Ein Urteil des Oberverwaltungsgerichts in Münster zum Schutzstatus eines Syrers sorgt seit Montag für Aufsehen. Demnach haben in Deutschland lebende Syrer keinen Anspruch auf einen pauschalen Schutzstatus. Bayerns Innenminister Joachim Herrmann (CSU) nannte das Urteil richtungsweisend.
Herrmann fordert neue Lageeinschätzung für Syrien
Nun sei eine völlig neue Lageeinschätzung für Syrien angesagt, so Herrmann bei "Welt TV". Dabei gehe es nicht nur um die Abschiebung von Straftätern. Es kämen nach wie vor jeden Monat viele Asylbewerber aus Syrien neu nach Deutschland. Es sei aber nicht mehr so, dass in Syrien ein Bürgerkrieg herrsche, wo praktisch jeder täglich um sein Leben bangen müsse. "Das ist nicht mehr die Realität dort, und deshalb gibt es auch keinen Anlass, jedem, der aus Syrien kommt, automatisch Schutz zu gewähren." Die Bundesregierung sei nun gefordert, eine neue Lagebewertung für Syrien vorzunehmen.
Es gehe ausdrücklich nicht darum, alle Syrer abzuschieben, so Herrmann. "Wir müssen Straftäter ausweisen können. Und wir müssen einem weiter anhaltenden Neuzugang von syrischen Flüchtlingen letztendlich da jetzt Grenzen setzen."
Innenminister wollen Straftäter abschieben
Bei der Innenministerkonferenz von Bund und Ländern im Juni hatte Einigkeit darüber bestanden, dass Straftäter und islamistische "Gefährder" künftig wieder nach Afghanistan und Syrien abgeschoben werden sollten - womöglich über Nachbarländer. Bundesinnenministerin Nancy Faeser (SPD) sagte damals in Potsdam, sie sei dazu bereits mit mehreren Staaten im Gespräch. Für Syrien wäre neben der Klärung der praktischen Fragen allerdings auch eine Neubewertung der Lage in dem arabischen Land notwendig. Sie sei sicher, dass sie dies mit Außenministerin Annalena Baerbock (Grüne) in naher Zukunft werde lösen können. Die Lageberichte des Auswärtigen Amtes zu einzelnen Herkunftsstaaten von Asylbewerbern sind nicht öffentlich.

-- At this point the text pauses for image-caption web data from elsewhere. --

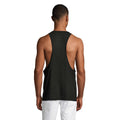 Black - Side - SOLS Unisex Jamaica Sleeveless Tank - Vest Top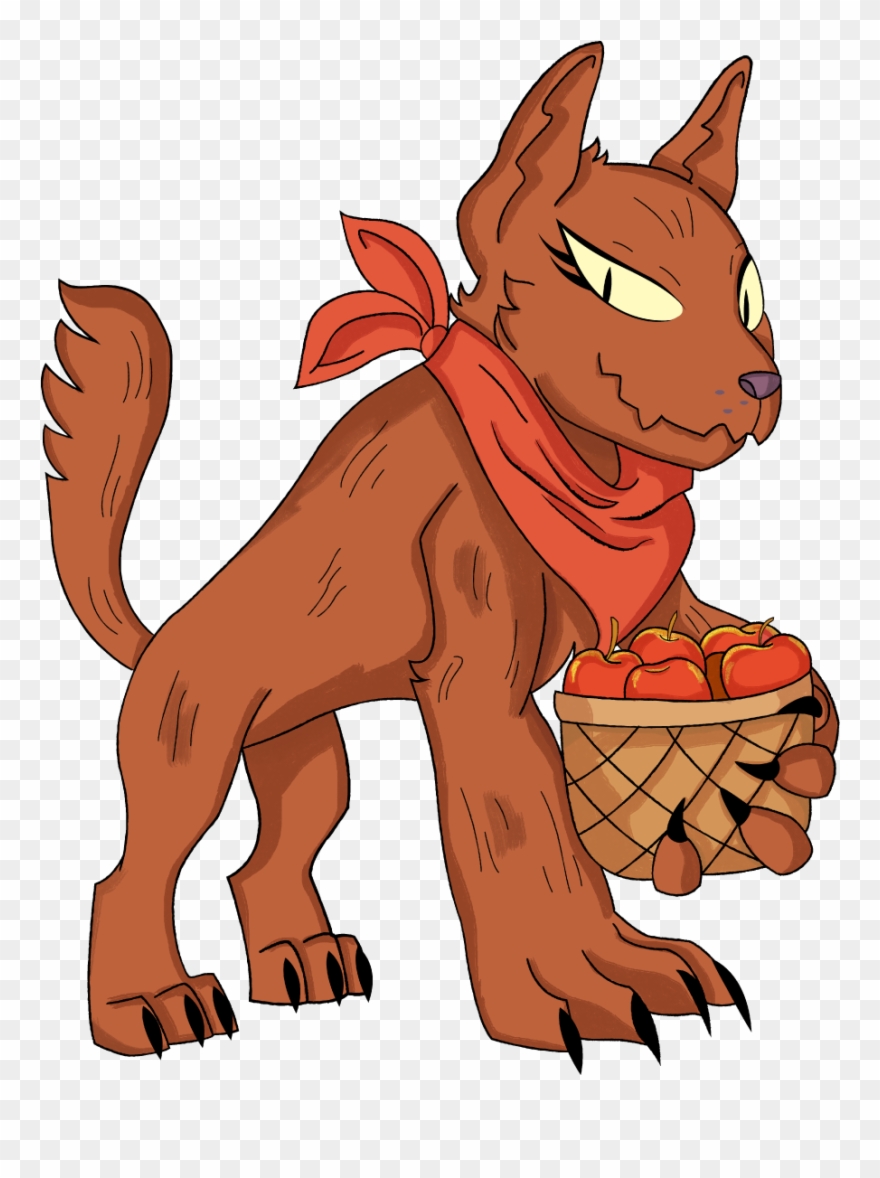 Dog Bandana Clipart - Cartoon - Png Download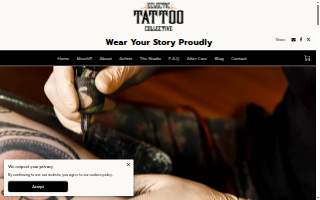 Eclectic Tattoo Collective website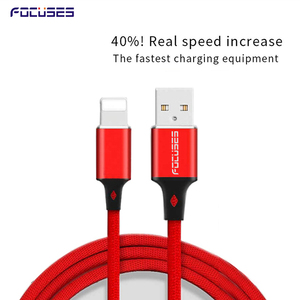 Cina Che Fa La Linea Dati Per <span class=keywords><strong>iPhone</strong></span> <span class=keywords><strong>6</strong></span> di Ricarica Rapida Cavo Intrecciato - Product Image 2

"Grundsätzlich prüfen das Bundesinnenministerium und das Bundesamt für Migration und Flüchtlinge fortlaufend die Entscheidungspraxis auf der Grundlage der verfügbaren Quellen", sagte ein Sprecher des Bundesinnenministeriums auf Anfrage zum Urteil aus Münster.
Kritik von Pro Asyl
Das Gericht hatte in seinem Urteil festgehalten, dass in Syrien für Zivilisten "keine ernsthafte, individuelle Bedrohung ihres Lebens oder ihrer körperlichen Unversehrtheit infolge willkürlicher Gewalt im Rahmen eines innerstaatlichen bewaffneten Konflikts" mehr bestehe. Der Kläger in dem Verfahren war vor seiner Einreise nach Deutschland in Österreich zu einer Haftstrafe verurteilt worden, weil er an der Schleusung von Menschen aus der Türkei nach Europa beteiligt gewesen war. Das Oberverwaltungsgericht führte aus, ihm drohe in Syrien keine politische Verfolgung. Von der Zuerkennung der Flüchtlingseigenschaft sei er wegen seiner vor der Einreise begangenen Straftaten ausgeschlossen. Auch die Voraussetzungen für subsidiären Schutz seien nicht gegeben.
Kritik an der Entscheidung kommt von Pro Asyl. Die rechtspolitische Sprecherin, Wiebke Judith, sagte: "Das Oberverwaltungsgericht Nordrhein-Westfalen entscheidet an der Realität in Syrien vorbei." Einschlägige Quellen wie der Lagebericht des Auswärtigen Amtes zeigten, dass es weiterhin "eine beachtliche Konfliktlage" gebe. Hinzu komme, dass praktisch niemand vor dem "Folterregime des Diktators Assad" sicher sei.